WITH the end of the Davos conference last week, the Swiss franc lost 1.27 per cent of its value. While it would be nice to think of that as the direct result of thousands of politicians, financiers and journalists leaving, and so ending their spending on hotels, booze and so on, the reality was more prosaic. Slightly higher than expected inflation in the Eurozone led traders to wonder whether an interest rate increase might be around the corner, while safe haven traders pulled back slightly as the fear of Egypt’s protesters disrupting the wider economy subsided.
But the Swiss franc’s role as a safe currency is a relatively new one. As analysts at Societe Generale point out, until the financial crisis, the Swiss franc was a “virtually riskless currency” against the euro. Swiss franc denominated mortgages to capitalise on lower rates were common, as were cross border bank accounts.

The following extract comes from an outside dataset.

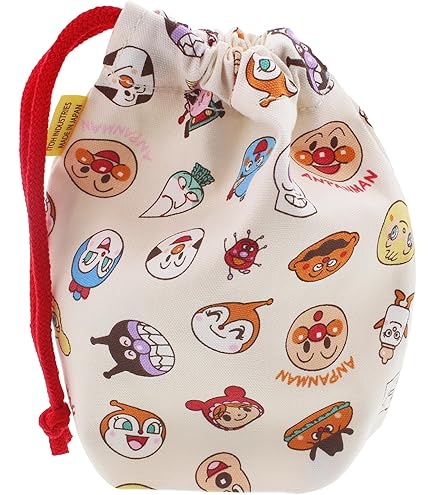 アンパンマン　特大門松88(正絹帯使用) アンパンマン フェイス巾着 袋 縦約16cm 横約20cm マチ約6cm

When the crisis began, however, the franc sharply appreciated against most currencies, by about 10 per cent. Since the start of the sovereign debt crises last May, it has climbed further, while franc-euro volatility leapt up dramatically (see chart). The franc is now about 30 per cent stronger against the euro than it was in October 2008, while intraday movements are much larger.
However, relatively strong Eurozone growth, together with strong commitments from China and Japan, seem recently to have settled markets’ worries about sovereign debt. As a result, Societe Generale is going short on volatility. They argue that Middle Eastern escalation aside, the franc ought to settle at a lower level than it is currently as European worries continue to dissipate.

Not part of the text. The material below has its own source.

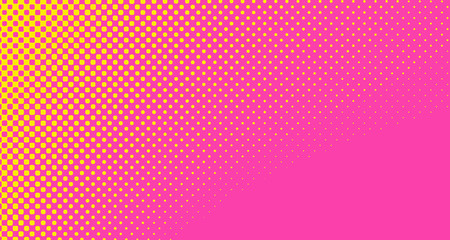 Pink halftone pop art background abstract vector comics style blank layout template with clouds beams and isolated dots pattern. For sale banner for your designe 1960s. with copy space eps10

Stephen Gallo, an analyst at Schneider Foreign Exchange, disagrees. He argues that the franc is “set to do well”. Gallo argues that “the chance of a market-led decline is low,” because inflation is low and because the Swiss National Bank (SNB) will eventually have to raise interest rates. “The SNB is in a political bind – it wants to support its exporters, but money supply growth is in rate hike territory.”

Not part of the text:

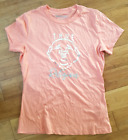 True Religion Pink Short Sleeves T-shirt Buddha Motif in silver Foil Size S NWOT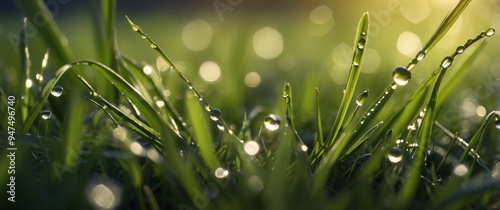 Dewdrops Glistening on Blades of Grass in the Morning Sun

Gallo believes that the SNB will probably let the European Central Bank (ECB) take the lead in monetary tightening, thereby allowing the franc to fall relatively. But he also warns that the Bank may be tempted into intervening to push down the franc, especially if franc strength seems to be weighing on Swiss competitiveness. So while a market-led decline in the Swiss franc might be unlikely, a central bank-led one cannot be ruled out. As Richard Wiltshire of ETX Capital, warns, “Swissie strength is becoming a political issue in Switzerland. We may hear some rhetoric from the SNB or see them flex their muscles in the coming weeks.”
So though Davos may be over, traders would do well to keep watching Switzerland.